通信No.19 海の言葉⑱

2016年12月27日

【死の海】

アジアとヨーロッパの境界にある黒海(The Black Sea)は、面積44万km2, 平均水深1,253 m, 最深2,212 mの大きな内陸海である。これほど大きいのに、表層たかだか100 mを除いてほぼ全体が無酸素になっている、典型的な「死の海」である。
どうして、どれほどの時間で、こうなったのか、それが今の日本海が直面している危機の内容である。

黒海は、北西域でドナウ、ドニエストル、ドニエプルなどの大河川を受け、全域の表層は低塩分の汽水環境になっている。南西部にはボスポラス海峡があり、マルマラ海からダーダネルス海峡をへて地中海へとつながっている。これがアジアとヨーロッパの境界であり、古代文明発祥時から幾度となくアジアとヨーロッパの興亡の舞台になってきた。海と人とのかかわりの歴史をみれば、ここがいかに重要な場所であったかが解る。今はトルコ国内の海峡であるが、国際社会での重要性が低下したわけではなく、人々の関心は強い。

ここで注目したいのは、この水路が極めて浅いという事実である。ボスポラス海峡は、長さ31 km, 幅0.7-3.42 km, 平均水深65 mで, 浅いところは13 mとか18 mしかない。マルマラ海はかなり大きくて深いが、ダーダネルス海峡は再び浅い。長さ約60 kmもある海峡だが、最深部でも103 mしかない。これが黒海と地中海を隔てる敷居になっているが、低塩の黒海水と高塩の地中海水が誘起する密度流はこれを越え、上層では黒海水が地中海へ流出、下層では地中海水が黒海へと流入している。高塩の地中海水は下層に侵入して100-200 mに強固な塩分躍層を恒常的に形成、そのために下層は無酸素化している。この状態は網走湖や水月湖と同じである。

黒海は初めから「黒海」だったのではない。もとはふつうの淡水湖であった。そこへ、今から7,500年前に海水が侵入し、無酸素化したのだ。網走湖や水月湖では数十年前に作った水路から海水が侵入したが、7,500年前に黒海と地中海の間では何が起こったのか。

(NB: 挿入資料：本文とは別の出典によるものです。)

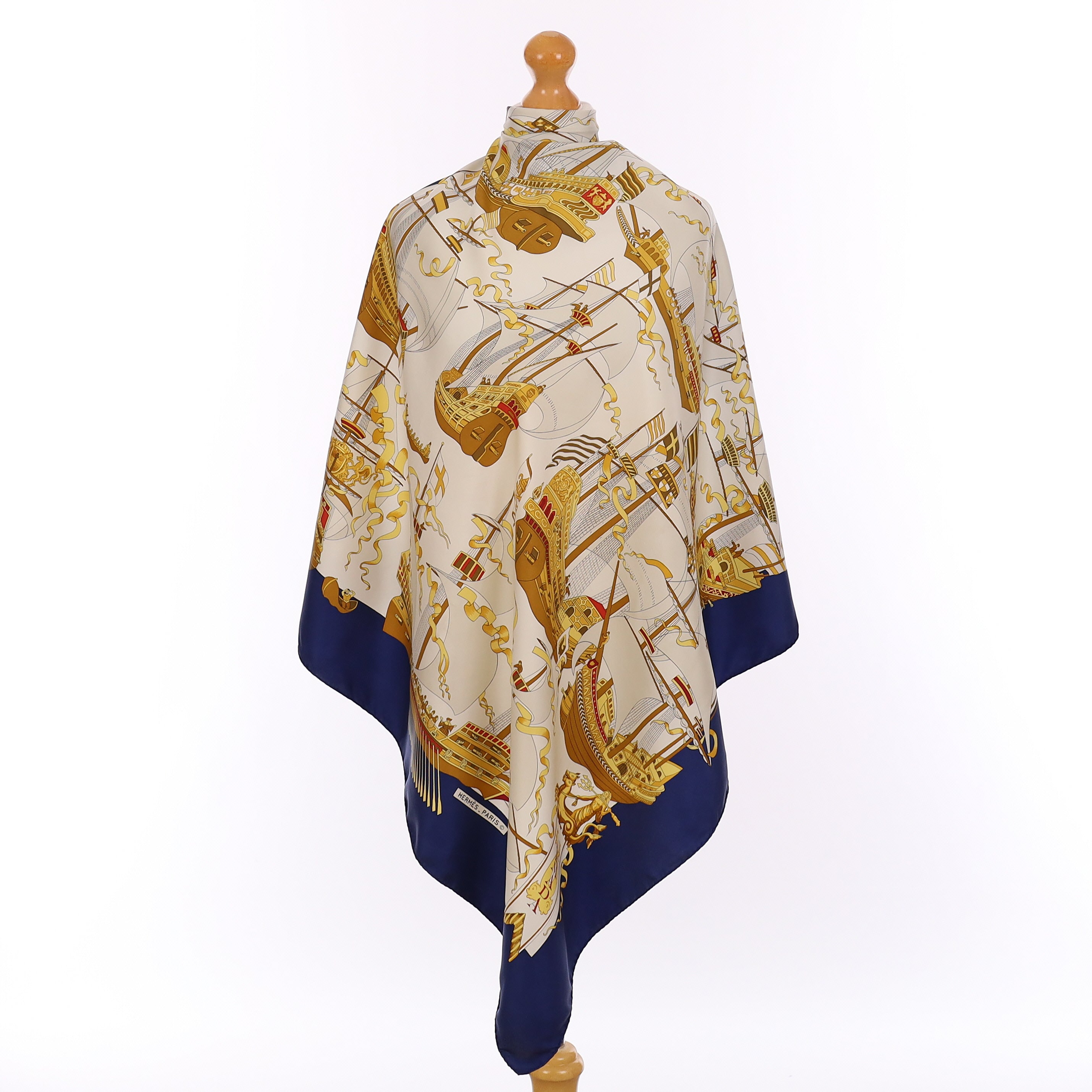 Hermès Armada Silk Scarf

いくつかの説がある。最後の氷河期が終わって氷河や凍土がとけて黒海の水位が上がった、あるいは地中海の海面が上昇した、そのために地峡が決壊したという説がある。あるいは、そういうときに大地震が起こって地峡が崩壊したという説もある。いずれにしても、それ以前に栄えていた街が水深100 mほどの海底に沈んでいること、堆積物からその頃に海水環境へと変化したことが分かるなど、水位上昇と海水流入には疑いはない。それが約7,500年前だったというのも確かである。さらに、この事変が急激なできごとであって、それが旧約聖書にノアの洪水として記憶されているという説も、太古の記録が口承で引き継がれたという歴史上の事実に照らすと、説得力がある。

では、その後どれほど経って黒海は無酸素化したのか、これは簡単には答えられない疑問である。しかし、イアーソンの金の羊皮伝説からも想像できるように、黒海は早くから異様な海であったと思われる。事実、BC16世紀ころのギリシア航海者が「無愛想な海」とか「近寄りがたい海」と呼んでいた。それよりも前に、ペルシア系民族は黒海を「暗い海」とか「明かりがない海」と呼んでいたということも知られている。今から4,000年前、すなわち海水侵入から2,000年弱でこの大きな黒海が表層近くまで無酸素になってしまったということだ。
無酸素化はそれくらい急速に進行するのであり、日本海の将来は決して楽観できるものではないということを、強く認識するべきなのだ。